Uma ponte entre a cena local contemporânea do rap paraense e as proposições da poeta e intelectual afro-estadunidense (de origem caribenha) Audre Lorde na segunda metade do século XX nos Estados Unidos se faz possível pelo trabalho de Bruna BG, escritora e rapper nascida em Breves (PA) e atuante, sobretudo, em Belém (PA). A artista, autora do EP Bruna BG, lançado no final de 2021, produz seus versos a partir da convicção de que a “poesia não é um luxo”, e, sendo assim, o fazer literário estrutura seu modo de estar no mundo a despeito de todas as obstruções que se encontram no caminho – sobre isso, na música “Pesadelos”, ela escreve-canta: “E nessa estrada eu sigo o caminho cantando as realidades, vou / Eu perco o meu tempo / Eles falam que eu perco o meu tempo”. A poética de Bruna, que apresentamos nesta edição da série Encontros com a nova literatura brasileira contemporânea, dá a ver uma dicção em diversos aspectos destoante do mainstream do rap nacional.
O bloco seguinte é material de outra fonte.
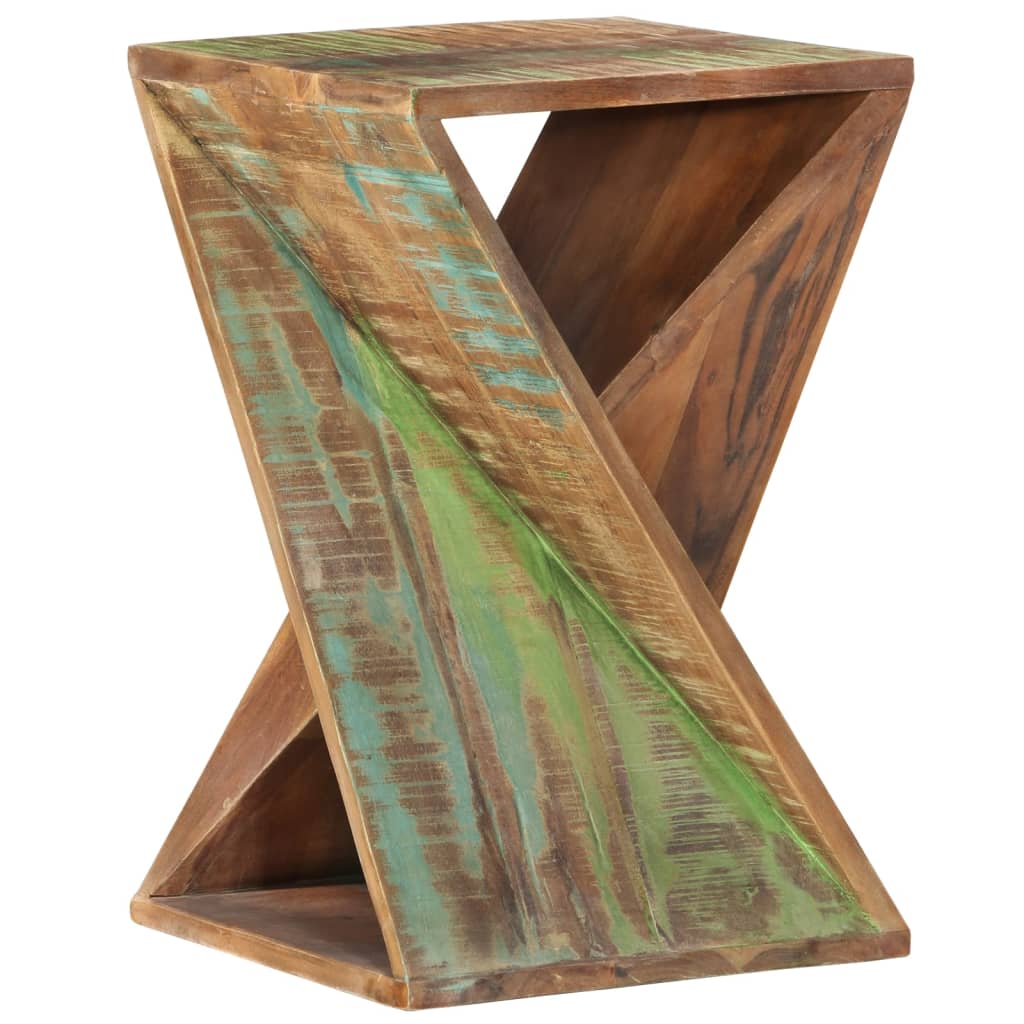 8720286668559_g_en_hd_9 vidaXL Side Table 35x35x55 cm Solid Wood Reclaimed - Image 11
A dimensão de horror que converte em pesadelo a experiência de boa parte das populações negras periféricas surge na obra de Bruna de modo sensível, flagrada em pormenores que insuflam o eu lírico das canções a insurgir-se contra o status quo, mesmo que combalido pelas feridas da impotência. A relação entre o ritmo e a poesia tecida por Bruna explicita uma crença – para muitos já não condizente com as configurações de nosso atual momento histórico – na potencialidade da palavra-cantada-alafiada de transformar as experiências de suas e seus receptores. Mulher preta, ribeirinha, lésbica afirmando seu lugar numa paisagem artística ainda predominantemente masculina e heterocisnormativa, Bruna elege o sonho e o amor como caminhos possíveis de reconciliação das partes fraturadas de si mesma. Tal como na obra de Lorde, o amor e o gesto de amar entre mulheres negras surgem como contrapontos ao medo e aos traumas causados pela precariedade das vidas negras numa sociedade estruturalmente racista. “Mexe comigo, não, mexe comigo, não / Mexe comigo que eu te mostro a mente da menina”, ela afirma e, nessa esteira, delineia para nós percursos sinuosos das subjetividades de suas vozes-poéticas.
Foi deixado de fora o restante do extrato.